Speaker: Leigh McKay
Why is having Mental Health conversations at work important?
Leigh McKay: Having mental health conversations in the workplace is so important because there is still a stigma that is attached to this topic. So for as long as we remain silent, and we don't create opportunity to have these conversations that stigma will remain. But also for some people, the workplace is there only possible source of support. So the workplace is so well positioned to be able to help and encourage recovery for people. That's why these conversations are so important.
For managers, what are the biggest inhibitors to starting these conversations?
Leigh McKay: We've been sharing the mapping mental health for managers training across the world for a number of years now. And there are some common inhibitors that come up, inhibitors, meaning reasons to stop managers from having conversations. So one is, you know, I don't have the confidence to have this conversation. What happens if I ask, you know, what do I do with that information? Or maybe I'm going to open a can of worms, but also for managers often it's the case people come to you because they want you to find solutions or fix things. This is so not your role in the context of mental health.
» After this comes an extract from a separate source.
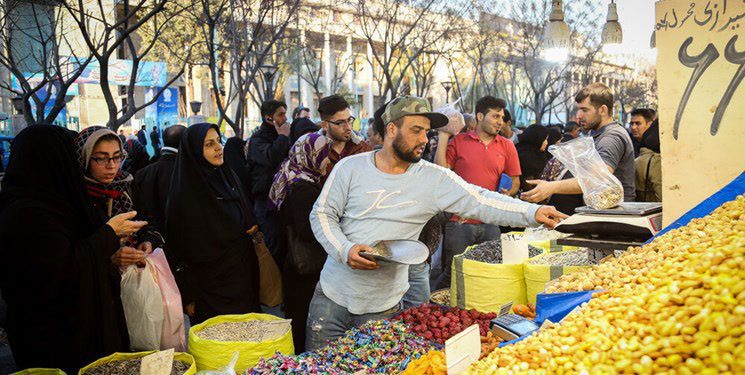 نمایشگاه بهاره ملارد با ۱۲۰ غرفه و تخفیف ۱۵ درصدی آغاز به کار کرد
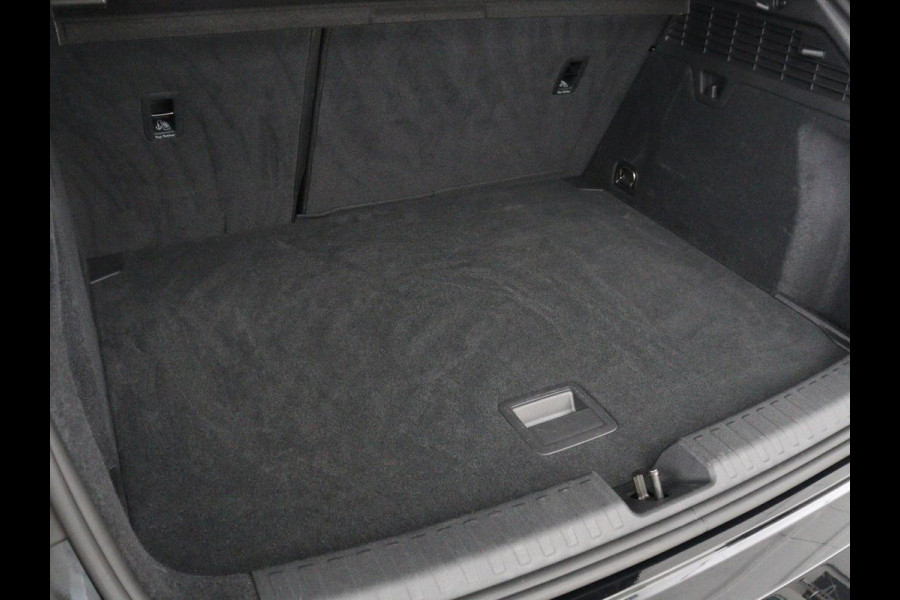 Audi A3 30 TFSI Advanced Edition | Sportstoelen | Carplay | Audi Sound | Parkeerhulp | Full LED | Navigatie | Virtual Cockpit | Climate control | Bluetooth | Cruise control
We leave the fixing and giving advice to the professionals, but you are really well positioned to start these conversations and that can make a massive difference.
As a manager how can you make a difference?
Leigh McKay: As a manager, you can make a big difference. And that is about knowing your people about looking out and noticing signs about initiating a discussion. And then also knowing about what kind of support infrastructure is in place within your organization and encouraging that having these discussions confidently is not always that easy. So what we do is we share a framework with you. It's a four step process and it is very helpful in gaining that confidence so that you can initiate these conversations.